[Data entries]
Segment Open

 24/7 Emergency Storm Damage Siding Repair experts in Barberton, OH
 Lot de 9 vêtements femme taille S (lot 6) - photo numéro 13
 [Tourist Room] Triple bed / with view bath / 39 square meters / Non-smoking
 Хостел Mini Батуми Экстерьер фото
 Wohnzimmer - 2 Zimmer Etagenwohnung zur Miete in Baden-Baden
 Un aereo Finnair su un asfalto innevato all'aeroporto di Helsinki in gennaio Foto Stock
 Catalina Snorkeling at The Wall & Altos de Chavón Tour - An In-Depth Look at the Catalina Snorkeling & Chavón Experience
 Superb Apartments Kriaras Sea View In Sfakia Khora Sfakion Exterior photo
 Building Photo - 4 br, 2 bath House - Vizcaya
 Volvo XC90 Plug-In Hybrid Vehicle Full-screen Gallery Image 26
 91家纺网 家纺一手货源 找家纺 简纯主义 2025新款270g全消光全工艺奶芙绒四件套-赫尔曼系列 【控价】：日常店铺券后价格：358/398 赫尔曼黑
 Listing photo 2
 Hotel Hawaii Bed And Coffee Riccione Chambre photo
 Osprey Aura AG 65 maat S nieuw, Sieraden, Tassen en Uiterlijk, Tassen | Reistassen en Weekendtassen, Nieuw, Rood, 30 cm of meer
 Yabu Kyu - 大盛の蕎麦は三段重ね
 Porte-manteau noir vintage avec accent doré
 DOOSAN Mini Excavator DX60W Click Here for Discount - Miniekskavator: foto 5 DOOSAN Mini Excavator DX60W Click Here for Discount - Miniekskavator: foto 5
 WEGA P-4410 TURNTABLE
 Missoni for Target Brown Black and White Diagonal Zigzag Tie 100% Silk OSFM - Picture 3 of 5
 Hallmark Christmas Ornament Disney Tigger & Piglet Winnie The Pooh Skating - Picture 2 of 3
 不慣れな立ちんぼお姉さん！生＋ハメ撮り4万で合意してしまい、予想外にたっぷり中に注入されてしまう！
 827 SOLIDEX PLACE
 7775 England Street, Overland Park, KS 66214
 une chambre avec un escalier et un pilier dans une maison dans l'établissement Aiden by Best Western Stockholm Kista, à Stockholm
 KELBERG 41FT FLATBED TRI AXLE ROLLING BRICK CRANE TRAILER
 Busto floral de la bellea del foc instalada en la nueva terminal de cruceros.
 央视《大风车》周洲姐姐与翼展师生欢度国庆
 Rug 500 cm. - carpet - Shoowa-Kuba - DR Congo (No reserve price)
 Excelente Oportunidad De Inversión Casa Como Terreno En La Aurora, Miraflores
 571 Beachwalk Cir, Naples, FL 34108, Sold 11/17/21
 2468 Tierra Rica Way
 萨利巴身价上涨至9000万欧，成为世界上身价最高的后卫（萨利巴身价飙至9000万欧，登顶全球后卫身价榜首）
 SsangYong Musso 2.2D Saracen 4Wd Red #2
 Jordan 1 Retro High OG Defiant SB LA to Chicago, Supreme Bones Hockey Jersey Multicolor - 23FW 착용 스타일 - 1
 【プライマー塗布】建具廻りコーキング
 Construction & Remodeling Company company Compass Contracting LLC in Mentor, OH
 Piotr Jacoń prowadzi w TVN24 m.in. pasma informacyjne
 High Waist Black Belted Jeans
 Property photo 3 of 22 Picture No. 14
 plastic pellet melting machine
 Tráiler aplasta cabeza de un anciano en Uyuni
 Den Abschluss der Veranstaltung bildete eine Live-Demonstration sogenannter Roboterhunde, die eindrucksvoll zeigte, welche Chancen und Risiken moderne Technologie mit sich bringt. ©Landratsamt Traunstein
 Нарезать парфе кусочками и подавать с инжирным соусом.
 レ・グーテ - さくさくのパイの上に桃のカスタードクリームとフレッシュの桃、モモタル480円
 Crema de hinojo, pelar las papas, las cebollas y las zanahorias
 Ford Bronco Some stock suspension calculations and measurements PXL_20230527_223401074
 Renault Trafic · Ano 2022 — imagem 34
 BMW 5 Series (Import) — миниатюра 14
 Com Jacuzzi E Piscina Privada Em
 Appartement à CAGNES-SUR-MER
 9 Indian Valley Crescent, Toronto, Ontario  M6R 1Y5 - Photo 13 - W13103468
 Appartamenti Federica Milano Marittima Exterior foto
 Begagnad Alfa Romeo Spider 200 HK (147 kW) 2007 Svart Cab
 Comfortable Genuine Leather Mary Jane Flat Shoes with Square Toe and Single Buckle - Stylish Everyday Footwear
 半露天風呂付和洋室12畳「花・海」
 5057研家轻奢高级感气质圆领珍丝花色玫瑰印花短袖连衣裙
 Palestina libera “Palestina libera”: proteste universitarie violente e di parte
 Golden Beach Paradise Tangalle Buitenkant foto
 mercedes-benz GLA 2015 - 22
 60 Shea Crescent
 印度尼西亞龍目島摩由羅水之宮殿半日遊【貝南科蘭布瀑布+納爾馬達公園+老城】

Segment Closed

=== WHAT IS REQUIRED ===
All of the data must be written out again, exactly as it stands.

=== EXERCISE ANSWER ===
 24/7 Emergency Storm Damage Siding Repair experts in Barberton, OH
 Lot de 9 vêtements femme taille S (lot 6) - photo numéro 13
 [Tourist Room] Triple bed / with view bath / 39 square meters / Non-smoking
 Хостел Mini Батуми Экстерьер фото
 Wohnzimmer - 2 Zimmer Etagenwohnung zur Miete in Baden-Baden
 Un aereo Finnair su un asfalto innevato all'aeroporto di Helsinki in gennaio Foto Stock
 Catalina Snorkeling at The Wall & Altos de Chavón Tour - An In-Depth Look at the Catalina Snorkeling & Chavón Experience
 Superb Apartments Kriaras Sea View In Sfakia Khora Sfakion Exterior photo
 Building Photo - 4 br, 2 bath House - Vizcaya
 Volvo XC90 Plug-In Hybrid Vehicle Full-screen Gallery Image 26
 91家纺网 家纺一手货源 找家纺 简纯主义 2025新款270g全消光全工艺奶芙绒四件套-赫尔曼系列 【控价】：日常店铺券后价格：358/398 赫尔曼黑
 Listing photo 2
 Hotel Hawaii Bed And Coffee Riccione Chambre photo
 Osprey Aura AG 65 maat S nieuw, Sieraden, Tassen en Uiterlijk, Tassen | Reistassen en Weekendtassen, Nieuw, Rood, 30 cm of meer
 Yabu Kyu - 大盛の蕎麦は三段重ね
 Porte-manteau noir vintage avec accent doré
 DOOSAN Mini Excavator DX60W Click Here for Discount - Miniekskavator: foto 5 DOOSAN Mini Excavator DX60W Click Here for Discount - Miniekskavator: foto 5
 WEGA P-4410 TURNTABLE
 Missoni for Target Brown Black and White Diagonal Zigzag Tie 100% Silk OSFM - Picture 3 of 5
 Hallmark Christmas Ornament Disney Tigger & Piglet Winnie The Pooh Skating - Picture 2 of 3
 不慣れな立ちんぼお姉さん！生＋ハメ撮り4万で合意してしまい、予想外にたっぷり中に注入されてしまう！
 827 SOLIDEX PLACE
 7775 England Street, Overland Park, KS 66214
 une chambre avec un escalier et un pilier dans une maison dans l'établissement Aiden by Best Western Stockholm Kista, à Stockholm
 KELBERG 41FT FLATBED TRI AXLE ROLLING BRICK CRANE TRAILER
 Busto floral de la bellea del foc instalada en la nueva terminal de cruceros.
 央视《大风车》周洲姐姐与翼展师生欢度国庆
 Rug 500 cm. - carpet - Shoowa-Kuba - DR Congo (No reserve price)
 Excelente Oportunidad De Inversión Casa Como Terreno En La Aurora, Miraflores
 571 Beachwalk Cir, Naples, FL 34108, Sold 11/17/21
 2468 Tierra Rica Way
 萨利巴身价上涨至9000万欧，成为世界上身价最高的后卫（萨利巴身价飙至9000万欧，登顶全球后卫身价榜首）
 SsangYong Musso 2.2D Saracen 4Wd Red #2
 Jordan 1 Retro High OG Defiant SB LA to Chicago, Supreme Bones Hockey Jersey Multicolor - 23FW 착용 스타일 - 1
 【プライマー塗布】建具廻りコーキング
 Construction & Remodeling Company company Compass Contracting LLC in Mentor, OH
 Piotr Jacoń prowadzi w TVN24 m.in. pasma informacyjne
 High Waist Black Belted Jeans
 Property photo 3 of 22 Picture No. 14
 plastic pellet melting machine
 Tráiler aplasta cabeza de un anciano en Uyuni
 Den Abschluss der Veranstaltung bildete eine Live-Demonstration sogenannter Roboterhunde, die eindrucksvoll zeigte, welche Chancen und Risiken moderne Technologie mit sich bringt. ©Landratsamt Traunstein
 Нарезать парфе кусочками и подавать с инжирным соусом.
 レ・グーテ - さくさくのパイの上に桃のカスタードクリームとフレッシュの桃、モモタル480円
 Crema de hinojo, pelar las papas, las cebollas y las zanahorias
 Ford Bronco Some stock suspension calculations and measurements PXL_20230527_223401074
 Renault Trafic · Ano 2022 — imagem 34
 BMW 5 Series (Import) — миниатюра 14
 Com Jacuzzi E Piscina Privada Em
 Appartement à CAGNES-SUR-MER
 9 Indian Valley Crescent, Toronto, Ontario  M6R 1Y5 - Photo 13 - W13103468
 Appartamenti Federica Milano Marittima Exterior foto
 Begagnad Alfa Romeo Spider 200 HK (147 kW) 2007 Svart Cab
 Comfortable Genuine Leather Mary Jane Flat Shoes with Square Toe and Single Buckle - Stylish Everyday Footwear
 半露天風呂付和洋室12畳「花・海」
 5057研家轻奢高级感气质圆领珍丝花色玫瑰印花短袖连衣裙
 Palestina libera “Palestina libera”: proteste universitarie violente e di parte
 Golden Beach Paradise Tangalle Buitenkant foto
 mercedes-benz GLA 2015 - 22
 60 Shea Crescent
 印度尼西亞龍目島摩由羅水之宮殿半日遊【貝南科蘭布瀑布+納爾馬達公園+老城】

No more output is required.